[588] in Athena User Interface
Re: gnome configuration
daemon@ATHENA.MIT.EDU (Greg Hudson)
Sat Jan 6 07:28:40 2001
Message-Id: <200101061228.HAA05350@egyptian-gods.MIT.EDU>
To: Richard Tibbetts <tibbetts@MIT.EDU>
cc: source-reviewers@MIT.EDU, aui@MIT.EDU
In-Reply-To: Your message of "Sat, 06 Jan 2001 01:47:53 EST."
<200101060647.BAA14369@multics.mit.edu>
Date: Sat, 06 Jan 2001 07:28:34 -0500
From: Greg Hudson <ghudson@MIT.EDU>
> Another issue this brings to mind is that GNOME explodes in a shower
> of gore if it can't write to dotfiles because of quota (and possibly
> also because of tickets running out). IIRC there is no way for
> exceptions to propogate up in the gnome_config system, and even if
> there is most apps don't check them.
You are correct; gnome_config_set_* does not check for errors when it
writes out new profiles. It also doesn't use temporary files to do
updates; it just opens the profile for writing, dumps the contents,
and closes it. (It does at least check that the open for writing
succeeded, and silently does nothing if that happens.)

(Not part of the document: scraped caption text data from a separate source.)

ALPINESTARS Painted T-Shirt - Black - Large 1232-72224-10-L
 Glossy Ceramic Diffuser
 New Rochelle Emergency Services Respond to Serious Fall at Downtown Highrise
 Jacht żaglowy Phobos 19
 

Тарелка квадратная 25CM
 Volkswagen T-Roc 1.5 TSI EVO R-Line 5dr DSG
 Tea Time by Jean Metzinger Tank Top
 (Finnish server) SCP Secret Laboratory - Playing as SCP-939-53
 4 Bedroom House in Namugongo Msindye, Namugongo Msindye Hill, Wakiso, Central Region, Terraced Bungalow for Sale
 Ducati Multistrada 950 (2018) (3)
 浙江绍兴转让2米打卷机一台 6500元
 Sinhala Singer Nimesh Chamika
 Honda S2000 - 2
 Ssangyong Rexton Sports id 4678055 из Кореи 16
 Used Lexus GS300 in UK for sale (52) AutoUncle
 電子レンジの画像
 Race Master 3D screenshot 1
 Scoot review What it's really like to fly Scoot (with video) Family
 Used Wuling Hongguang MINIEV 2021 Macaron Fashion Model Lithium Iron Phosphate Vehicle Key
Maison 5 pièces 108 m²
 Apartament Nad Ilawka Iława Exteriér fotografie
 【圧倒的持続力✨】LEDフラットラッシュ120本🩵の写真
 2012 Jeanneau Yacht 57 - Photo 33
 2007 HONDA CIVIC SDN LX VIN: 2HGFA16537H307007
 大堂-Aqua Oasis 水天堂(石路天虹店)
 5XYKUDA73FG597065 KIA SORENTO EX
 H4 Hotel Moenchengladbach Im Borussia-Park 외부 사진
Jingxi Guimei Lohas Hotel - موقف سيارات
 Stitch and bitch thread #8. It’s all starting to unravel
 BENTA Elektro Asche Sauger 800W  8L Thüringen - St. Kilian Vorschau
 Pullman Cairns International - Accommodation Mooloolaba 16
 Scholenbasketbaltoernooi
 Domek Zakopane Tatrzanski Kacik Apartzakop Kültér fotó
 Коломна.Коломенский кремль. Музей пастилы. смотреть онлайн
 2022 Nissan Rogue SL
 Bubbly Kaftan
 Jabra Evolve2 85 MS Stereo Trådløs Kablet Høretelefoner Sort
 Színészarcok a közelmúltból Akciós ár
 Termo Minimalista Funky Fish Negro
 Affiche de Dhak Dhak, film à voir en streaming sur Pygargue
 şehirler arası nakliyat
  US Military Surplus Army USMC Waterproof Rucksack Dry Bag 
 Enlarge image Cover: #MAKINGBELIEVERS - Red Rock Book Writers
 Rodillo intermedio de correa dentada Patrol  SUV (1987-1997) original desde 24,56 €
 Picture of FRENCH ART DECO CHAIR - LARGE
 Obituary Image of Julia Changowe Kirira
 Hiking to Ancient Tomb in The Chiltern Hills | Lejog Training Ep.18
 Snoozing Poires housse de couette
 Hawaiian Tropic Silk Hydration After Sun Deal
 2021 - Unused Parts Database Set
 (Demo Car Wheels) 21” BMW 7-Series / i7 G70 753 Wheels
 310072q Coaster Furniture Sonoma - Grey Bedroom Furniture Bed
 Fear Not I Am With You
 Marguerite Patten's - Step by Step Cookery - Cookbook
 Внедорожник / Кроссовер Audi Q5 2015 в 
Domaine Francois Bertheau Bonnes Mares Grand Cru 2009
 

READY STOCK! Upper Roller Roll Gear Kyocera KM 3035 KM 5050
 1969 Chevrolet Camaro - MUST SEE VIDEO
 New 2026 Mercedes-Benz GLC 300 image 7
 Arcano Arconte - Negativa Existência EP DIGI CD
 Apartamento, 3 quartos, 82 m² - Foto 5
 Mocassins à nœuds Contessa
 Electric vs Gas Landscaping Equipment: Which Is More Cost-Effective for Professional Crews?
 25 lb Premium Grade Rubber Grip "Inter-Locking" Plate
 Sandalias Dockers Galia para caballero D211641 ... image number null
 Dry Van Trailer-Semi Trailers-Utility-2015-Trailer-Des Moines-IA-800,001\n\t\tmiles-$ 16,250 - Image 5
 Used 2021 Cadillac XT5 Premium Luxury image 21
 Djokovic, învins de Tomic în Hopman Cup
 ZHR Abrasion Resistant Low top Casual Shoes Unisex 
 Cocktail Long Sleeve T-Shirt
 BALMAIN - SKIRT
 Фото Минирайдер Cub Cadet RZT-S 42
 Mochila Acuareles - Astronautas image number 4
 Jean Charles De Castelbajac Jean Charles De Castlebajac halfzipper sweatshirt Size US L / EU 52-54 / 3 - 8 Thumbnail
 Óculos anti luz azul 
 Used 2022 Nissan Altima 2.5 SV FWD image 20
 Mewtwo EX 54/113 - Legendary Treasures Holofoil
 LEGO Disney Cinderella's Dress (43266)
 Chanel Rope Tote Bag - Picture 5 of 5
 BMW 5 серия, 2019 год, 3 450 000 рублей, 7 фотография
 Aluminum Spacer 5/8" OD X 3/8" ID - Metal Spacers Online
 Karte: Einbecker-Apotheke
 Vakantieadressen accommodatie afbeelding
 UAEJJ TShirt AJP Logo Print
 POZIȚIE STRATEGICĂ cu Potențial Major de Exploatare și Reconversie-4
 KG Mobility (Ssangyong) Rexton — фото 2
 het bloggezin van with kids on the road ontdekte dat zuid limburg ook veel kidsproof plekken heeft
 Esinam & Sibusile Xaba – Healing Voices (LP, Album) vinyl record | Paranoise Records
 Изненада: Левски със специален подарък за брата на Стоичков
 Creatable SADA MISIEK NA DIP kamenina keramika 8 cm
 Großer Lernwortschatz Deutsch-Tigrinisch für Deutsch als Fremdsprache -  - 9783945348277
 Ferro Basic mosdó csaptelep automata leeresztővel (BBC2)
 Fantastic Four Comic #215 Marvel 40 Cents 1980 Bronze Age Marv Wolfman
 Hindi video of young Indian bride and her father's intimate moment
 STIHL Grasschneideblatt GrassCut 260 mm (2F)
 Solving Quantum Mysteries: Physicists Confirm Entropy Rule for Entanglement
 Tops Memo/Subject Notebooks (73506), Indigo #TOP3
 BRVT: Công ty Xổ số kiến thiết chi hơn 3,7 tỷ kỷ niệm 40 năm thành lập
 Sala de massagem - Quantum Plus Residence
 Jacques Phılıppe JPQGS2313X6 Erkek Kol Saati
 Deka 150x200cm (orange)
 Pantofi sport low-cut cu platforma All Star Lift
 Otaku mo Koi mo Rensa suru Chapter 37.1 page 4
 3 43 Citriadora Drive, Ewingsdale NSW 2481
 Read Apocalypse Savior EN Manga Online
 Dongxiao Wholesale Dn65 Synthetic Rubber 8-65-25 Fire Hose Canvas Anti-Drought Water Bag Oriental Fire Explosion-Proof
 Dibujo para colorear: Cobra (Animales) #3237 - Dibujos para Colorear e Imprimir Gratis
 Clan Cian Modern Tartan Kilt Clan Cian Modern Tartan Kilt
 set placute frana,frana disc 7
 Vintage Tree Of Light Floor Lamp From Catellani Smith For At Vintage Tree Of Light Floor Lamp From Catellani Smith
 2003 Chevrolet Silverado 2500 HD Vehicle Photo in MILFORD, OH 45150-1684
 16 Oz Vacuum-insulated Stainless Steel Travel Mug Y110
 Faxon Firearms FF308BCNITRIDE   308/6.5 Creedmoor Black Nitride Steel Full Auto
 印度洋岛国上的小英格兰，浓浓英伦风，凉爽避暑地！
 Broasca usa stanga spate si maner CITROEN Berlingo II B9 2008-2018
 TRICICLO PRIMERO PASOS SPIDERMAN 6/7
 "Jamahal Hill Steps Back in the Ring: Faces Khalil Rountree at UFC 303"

Usually, losing tokens or going over quota will simply result in
failures to store configuration information (that is, the open for
writing will fail). However, under rare circumstances, a profile
could be truncated to a zero-length file--if the user's tokens expire
between the open and close operations, or if the user manages to go
over quota and exceed the AFS 10% margin between the open and close
operations.
Here are some possible ways of addressing the problem:
* It doesn't look like it would be very hard or very invasive
to hack gnome-config.c to safely update profiles using
temporary files. We could even try to submit the patches
upstream. The only hard issue would be picking temporary
filenames, and the only downside would be that symlinks
under ~/.gnome would get clobbered.
* I think we should actually ditch the packs/dotfiles/gnome I
just submitted and instead modify panel to produce the
Athena panel configuration if no panels are configured.
(For those who don't know, panel's default configuration is
hardcoded programmatically into panel.) That way, if panel
manages to eat its dotfiles, the user will at least wind up
with a sane setup. And it takes away some complexity from
the default dotfiles, which is generally a good thing.
Theoretically, the first measure alone should be enough to solve the
problem, but I like the robustness afforded by the second measure.